Il me vient alors une terreur sarcastique de la vie, un désarroi qui dépasse les limites de mon individualité consciente. Je sais que je n’ai été qu’erreur et égarement, que je n’ai point vécu, que je n’ai existé que dans la mesure où j’ai empli le temps avec de la conscience, de la pensée. Et l’impression que j’ai de moi-même, c’est celle d’un homme se réveillant d’un sommeil peuplé de rêves réels, ou d’un homme libéré par un tremblement de terre, de la pénombre du cachot à laquelle il s’était accoutumé. (Fernando Pessoa, in Le livre de l'intranquillité)

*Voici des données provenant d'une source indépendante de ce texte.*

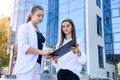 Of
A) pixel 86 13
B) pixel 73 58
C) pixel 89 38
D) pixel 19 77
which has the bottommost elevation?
pixel 19 77

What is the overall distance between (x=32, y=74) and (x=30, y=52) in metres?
0.22

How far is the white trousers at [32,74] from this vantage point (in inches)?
86.2

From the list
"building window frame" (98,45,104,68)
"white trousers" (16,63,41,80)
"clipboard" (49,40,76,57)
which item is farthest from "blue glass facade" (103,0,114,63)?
"white trousers" (16,63,41,80)

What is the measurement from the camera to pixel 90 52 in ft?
63.5

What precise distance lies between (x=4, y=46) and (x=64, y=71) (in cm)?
1844

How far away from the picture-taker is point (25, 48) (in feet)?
7.34

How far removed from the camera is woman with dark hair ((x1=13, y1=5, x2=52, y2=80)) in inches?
87.0

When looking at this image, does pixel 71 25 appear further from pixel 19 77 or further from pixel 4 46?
pixel 4 46

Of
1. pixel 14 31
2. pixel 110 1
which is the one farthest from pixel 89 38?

Combien de fois peut-on se perdre en chemin ? A nouveau, le réveil, après des semaines, que dis-je, des mois, de sommeil. Je pourrais écrire un livre sur les mille et une manières de se fuir soi-même. C'est peut-être ça, la tentation. Non pas tant un vice qu'une errance, un mauvais pas de côté, plongeant l'être dans l'obscurité, l'aveuglement. Je comprends aussi la mise en garde contre l'intelligence : non point interdit du savoir, mais avertissement quant à un mésusage de la pensée, qui assèche le cœur et éloigne de soi-même, des autres, de Dieu. Je trouve le monde laid, sale, insuffisant. C'est aussi comme ça que je me décrirais. Pécheur, au fond. La grande erreur, je crois, c'est de se comparer à autrui. Je ne suis pas dans ses chaussures, j'ignore ce qu'il vit, dans l'intime de lui-même. Et puis, la vie n'est pas une course, il n'y a pas de médaille à la fin. Juste plus de lumière, de l'autre côté, qui sait, mais surtout ici-bas, après un bref passage – c'est en tout cas le pari.